What the task asks: Repeat the records. Each line must match exactly.

Stored data:
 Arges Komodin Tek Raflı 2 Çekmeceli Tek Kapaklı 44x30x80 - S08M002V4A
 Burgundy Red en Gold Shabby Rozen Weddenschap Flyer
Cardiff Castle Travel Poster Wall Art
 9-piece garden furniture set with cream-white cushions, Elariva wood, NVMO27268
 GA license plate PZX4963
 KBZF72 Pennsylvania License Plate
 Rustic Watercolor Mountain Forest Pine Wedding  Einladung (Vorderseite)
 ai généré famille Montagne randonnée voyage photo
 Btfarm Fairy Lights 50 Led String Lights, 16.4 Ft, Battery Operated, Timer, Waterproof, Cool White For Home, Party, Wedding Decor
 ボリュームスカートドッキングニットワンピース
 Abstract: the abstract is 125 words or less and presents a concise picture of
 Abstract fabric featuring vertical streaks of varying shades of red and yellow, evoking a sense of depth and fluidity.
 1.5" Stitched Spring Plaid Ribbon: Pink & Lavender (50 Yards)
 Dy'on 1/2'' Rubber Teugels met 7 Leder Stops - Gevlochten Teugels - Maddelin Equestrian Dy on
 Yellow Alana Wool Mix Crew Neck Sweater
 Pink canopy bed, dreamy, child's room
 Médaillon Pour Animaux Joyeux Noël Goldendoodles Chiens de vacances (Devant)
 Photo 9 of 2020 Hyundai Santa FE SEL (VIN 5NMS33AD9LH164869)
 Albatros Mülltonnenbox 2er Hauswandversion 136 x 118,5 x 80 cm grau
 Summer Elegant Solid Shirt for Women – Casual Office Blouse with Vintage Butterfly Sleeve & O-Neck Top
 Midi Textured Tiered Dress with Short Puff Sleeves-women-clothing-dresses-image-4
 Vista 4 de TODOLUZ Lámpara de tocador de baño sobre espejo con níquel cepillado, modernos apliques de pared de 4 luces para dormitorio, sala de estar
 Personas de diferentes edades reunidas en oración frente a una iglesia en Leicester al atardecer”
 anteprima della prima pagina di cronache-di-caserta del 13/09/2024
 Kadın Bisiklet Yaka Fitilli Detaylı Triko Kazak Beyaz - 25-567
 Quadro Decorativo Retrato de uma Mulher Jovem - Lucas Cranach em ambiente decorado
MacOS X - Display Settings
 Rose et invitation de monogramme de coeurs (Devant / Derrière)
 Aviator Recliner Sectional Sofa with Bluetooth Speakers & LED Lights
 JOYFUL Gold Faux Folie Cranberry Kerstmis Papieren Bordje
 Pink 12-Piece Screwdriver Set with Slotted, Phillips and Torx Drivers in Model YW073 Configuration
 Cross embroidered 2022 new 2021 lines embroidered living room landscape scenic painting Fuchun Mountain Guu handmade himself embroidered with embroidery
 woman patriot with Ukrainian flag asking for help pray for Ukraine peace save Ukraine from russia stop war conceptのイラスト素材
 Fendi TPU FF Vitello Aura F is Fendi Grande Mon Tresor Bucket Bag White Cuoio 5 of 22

Finished task:
 Arges Komodin Tek Raflı 2 Çekmeceli Tek Kapaklı 44x30x80 - S08M002V4A
 Burgundy Red en Gold Shabby Rozen Weddenschap Flyer
Cardiff Castle Travel Poster Wall Art
 9-piece garden furniture set with cream-white cushions, Elariva wood, NVMO27268
 GA license plate PZX4963
 KBZF72 Pennsylvania License Plate
 Rustic Watercolor Mountain Forest Pine Wedding  Einladung (Vorderseite)
 ai généré famille Montagne randonnée voyage photo
 Btfarm Fairy Lights 50 Led String Lights, 16.4 Ft, Battery Operated, Timer, Waterproof, Cool White For Home, Party, Wedding Decor
 ボリュームスカートドッキングニットワンピース
 Abstract: the abstract is 125 words or less and presents a concise picture of
 Abstract fabric featuring vertical streaks of varying shades of red and yellow, evoking a sense of depth and fluidity.
 1.5" Stitched Spring Plaid Ribbon: Pink & Lavender (50 Yards)
 Dy'on 1/2'' Rubber Teugels met 7 Leder Stops - Gevlochten Teugels - Maddelin Equestrian Dy on
 Yellow Alana Wool Mix Crew Neck Sweater
 Pink canopy bed, dreamy, child's room
 Médaillon Pour Animaux Joyeux Noël Goldendoodles Chiens de vacances (Devant)
 Photo 9 of 2020 Hyundai Santa FE SEL (VIN 5NMS33AD9LH164869)
 Albatros Mülltonnenbox 2er Hauswandversion 136 x 118,5 x 80 cm grau
 Summer Elegant Solid Shirt for Women – Casual Office Blouse with Vintage Butterfly Sleeve & O-Neck Top
 Midi Textured Tiered Dress with Short Puff Sleeves-women-clothing-dresses-image-4
 Vista 4 de TODOLUZ Lámpara de tocador de baño sobre espejo con níquel cepillado, modernos apliques de pared de 4 luces para dormitorio, sala de estar
 Personas de diferentes edades reunidas en oración frente a una iglesia en Leicester al atardecer”
 anteprima della prima pagina di cronache-di-caserta del 13/09/2024
 Kadın Bisiklet Yaka Fitilli Detaylı Triko Kazak Beyaz - 25-567
 Quadro Decorativo Retrato de uma Mulher Jovem - Lucas Cranach em ambiente decorado
MacOS X - Display Settings
 Rose et invitation de monogramme de coeurs (Devant / Derrière)
 Aviator Recliner Sectional Sofa with Bluetooth Speakers & LED Lights
 JOYFUL Gold Faux Folie Cranberry Kerstmis Papieren Bordje
 Pink 12-Piece Screwdriver Set with Slotted, Phillips and Torx Drivers in Model YW073 Configuration
 Cross embroidered 2022 new 2021 lines embroidered living room landscape scenic painting Fuchun Mountain Guu handmade himself embroidered with embroidery
 woman patriot with Ukrainian flag asking for help pray for Ukraine peace save Ukraine from russia stop war conceptのイラスト素材
 Fendi TPU FF Vitello Aura F is Fendi Grande Mon Tresor Bucket Bag White Cuoio 5 of 22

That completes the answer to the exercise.